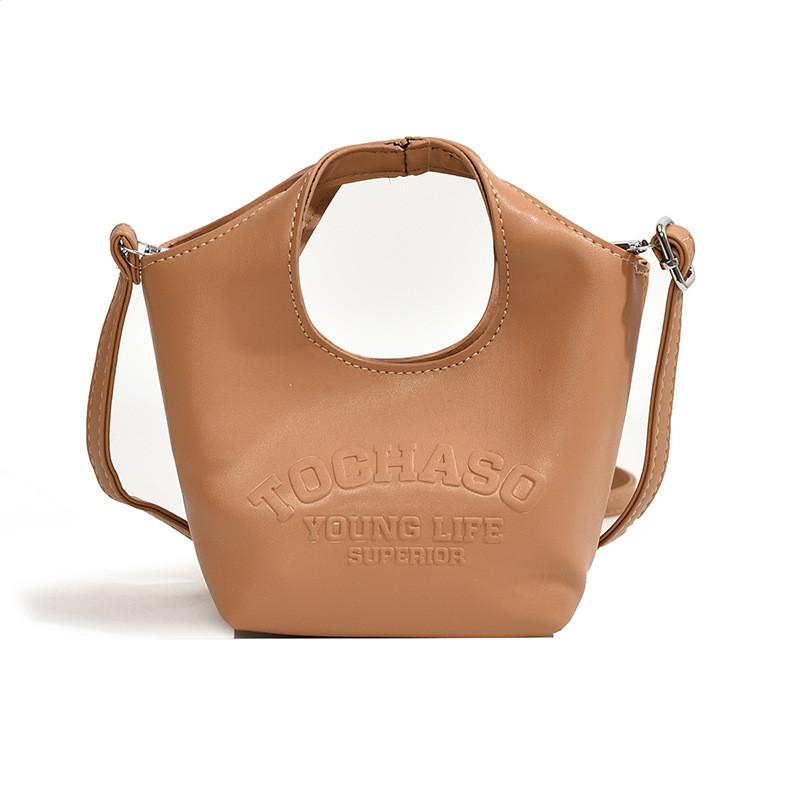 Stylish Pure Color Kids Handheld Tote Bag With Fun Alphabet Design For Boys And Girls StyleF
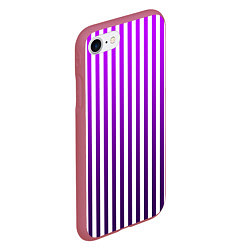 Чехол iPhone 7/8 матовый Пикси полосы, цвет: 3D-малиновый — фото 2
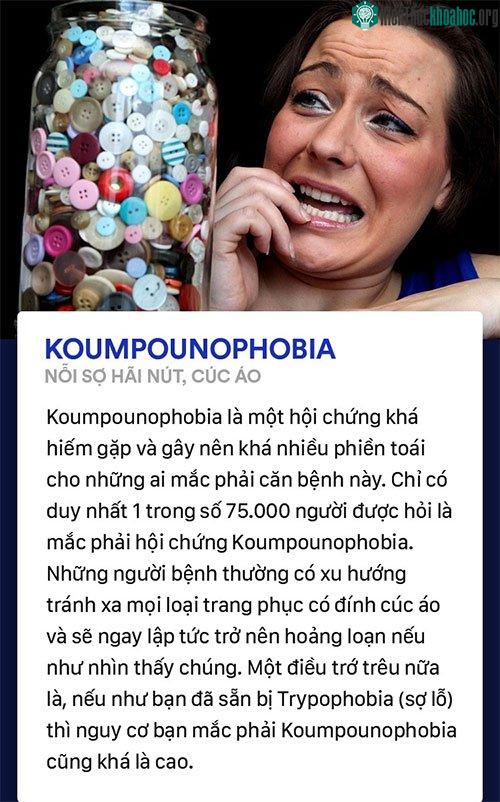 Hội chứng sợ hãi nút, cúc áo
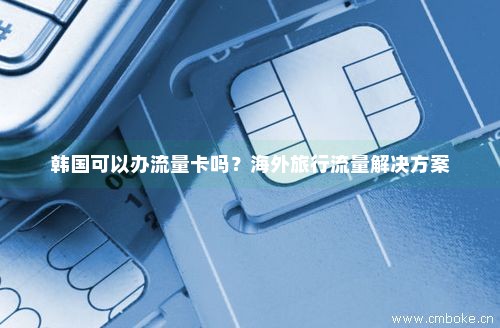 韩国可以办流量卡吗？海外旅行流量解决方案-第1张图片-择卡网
·····
ASSIGNMENT: Please output every line of the listing as it stands, and omit its images.

COMPLETED EXERCISE:
 Stylish Pure Color Kids Handheld Tote Bag With Fun Alphabet Design For Boys And Girls StyleF
 Чехол iPhone 7/8 матовый Пикси полосы, цвет: 3D-малиновый — фото 2
 Hội chứng sợ hãi nút, cúc áo
 韩国可以办流量卡吗？海外旅行流量解决方案-第1张图片-择卡网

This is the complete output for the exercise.